What Is The Link Between Alcohol And Stroke Risk?


According to the World Health Organization (WHO), stroke is the second most common source of death across the globe and causes roughly 11% of fatalities annually.

Furthermore, according to the World Stroke Organization (WSO), from 1990 through 2019, stroke cases surged by 70%, and the number of people who died from stroke rose by 43%.

Stroke patients’ cognitive and physical limitations frequently restrict their ability to work for their remaining lives on earth.

While the primary age of people who develop stroke is 44 and older, younger folks are also developing stroke recently.
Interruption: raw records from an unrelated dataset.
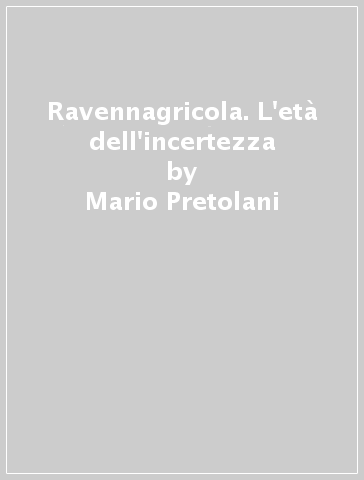 Ravennagricola. L'età dell'incertezza - Mario Pretolani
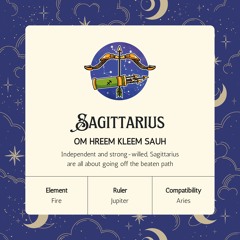 Sagittarius: Om Hreem Kleem Sauh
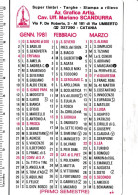 Calendarietto - Az.grafica Artig. Cav.uff.mariano Scandurra - Catania - Anno 1981 - Petit Format : 1981-90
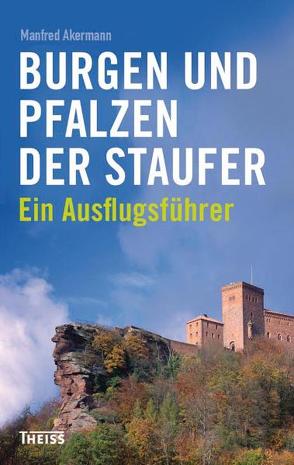 Burgen und Pfalzen der Staufer von Akermann,  Manfred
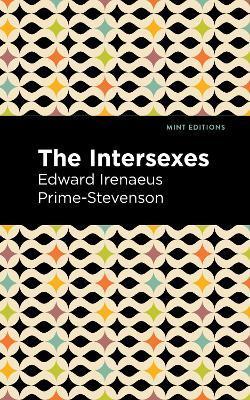 The Intersexes: A History of Similisexualism as a Problem in Social Life - Edward Irenaeus Prime-stevenson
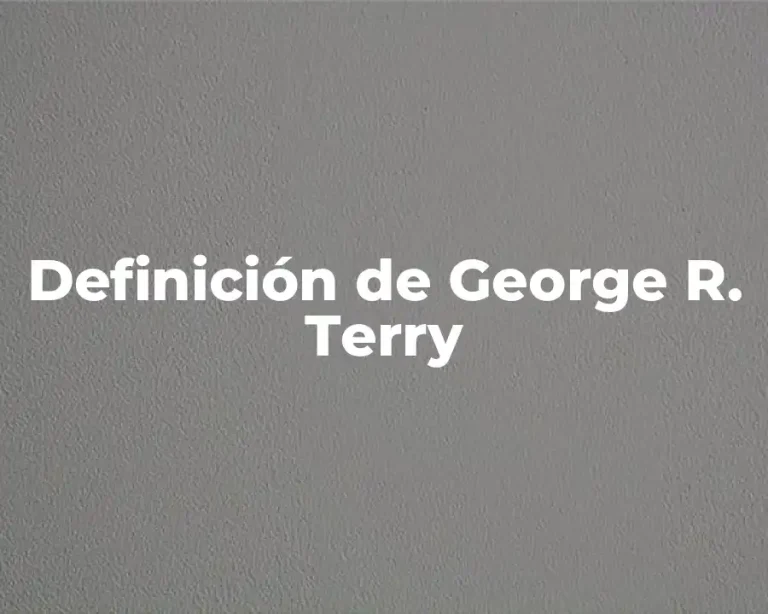 Definición de George R. Terry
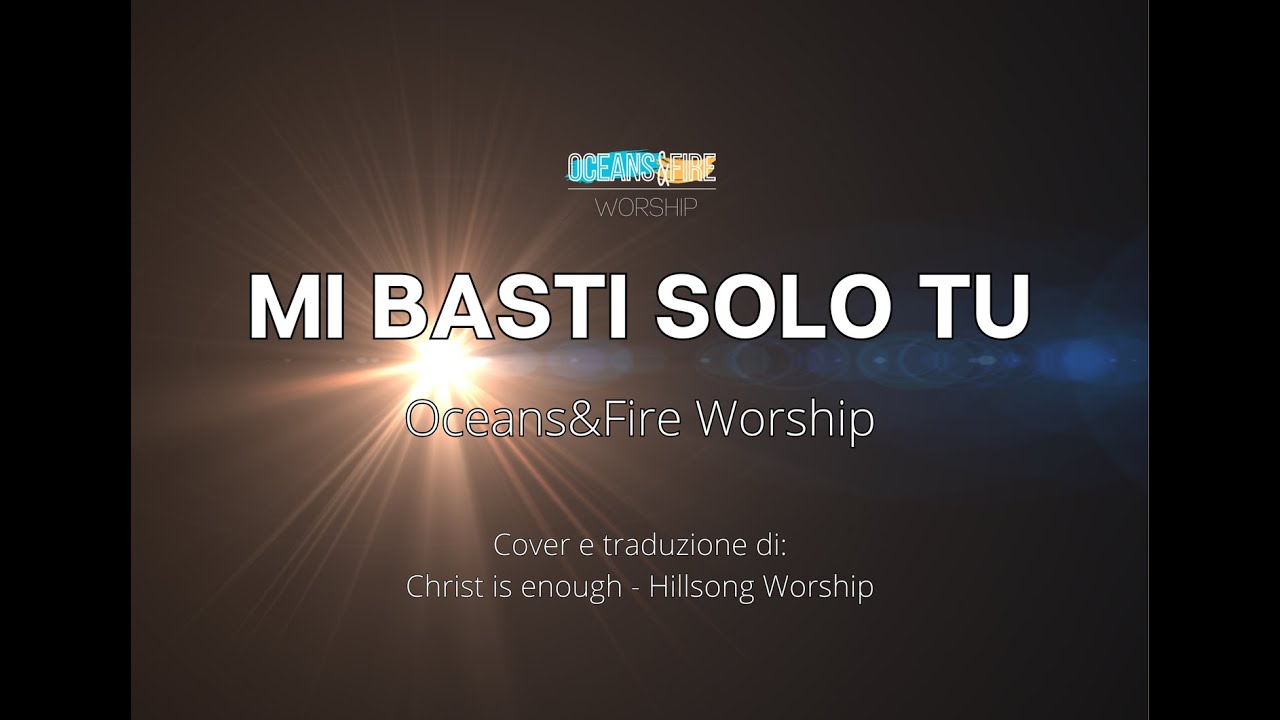 Mi basti solo Tu | Oceans&Fire Worship | Christ is enough - Hillsong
According to the WSO, roughly 8% of the 13.7 million strokes occurring yearly are from people below 44 years old. 

However, lifestyles like alcohol use, which have been rising worldwide, are implicated in over 90% of stroke occurrences. A typical example in Asia is that from 1990 through 2007, a 104% increase in alcohol consumption among individuals was observed. According to findings from 2019, there will be a significant rise in the worldwide consumption of Alcohol.

Even though excessive drinking of Alcohol increases the likelihood of stroke, little is documented on how modest drinking affects the risk of developing stroke over time.

Alcohol Consumption And Stroke Risk

Researchers analyzed data from 1,536,668 women’s and men’s national health records for an experiment.

Between 2009 and 2012, volunteers completed four yearly health tests. Their ages varied from 20 – 39. The main aspect of the patient’s health was their risk of stroke.

According to weekly alcohol intake in grams, the study divided alcohol intake into four groups:

● Heavy alcohol intake of above 210 grams

● Moderate alcohol intake of between 105-210 grams

● Mild alcohol intake of between 0-105 grams

● No alcohol intake

For comparison purposes, 105 g of Alcohol equals one & and a half regular wine bottles or seven and a half 12-ounce beers.

Along with other morbidities, including cancer, diabetes, and hypertension, investigators also examined individuals’ income, sex, and age.

Follow-up with the participants lasted approximately 5.6 years. And 3,153 patients had a stroke throughout the follow-up duration.

After reviewing the data, the investigators discovered that stroke incidence rose gradually along with accumulating alcohol use.

A 19% greater risk of stroke was reported in subjects who had drunk moderately to heavily for two years. The risk was increased by 22% for individuals three years and 23% for individuals four years.

Whereas the incidence of light consumption was not statistically relevant, researchers discovered that heavy users had a 28% increased stroke risk compared to non-drinkers.

As a preventive care technique, the researchers concluded that young individuals who drink heavily should be encouraged to reduce their alcohol intake.

Why Is Alcohol Use Associated With A Higher Risk Of Stroke?

According to Professor Tamar Rodney from the John Hopkins School of nursing, who participated in the research, “Alcohol has an impact on a variety of human organs, mainly since blood is the vehicle it travels through. The brain is one of the many parts that Alcohol will swiftly impair due to the way the body metabolizes Alcohol.”

“Recurring alcohol exposure to the brain can create processes that result in inadequate oxygen-rich blood circulation or cerebral clots, which could result in a stroke. Moreover, the brain is only one of the numerous organs that can malfunction as a result of excessive consumption of Alcohol,” Rodney said.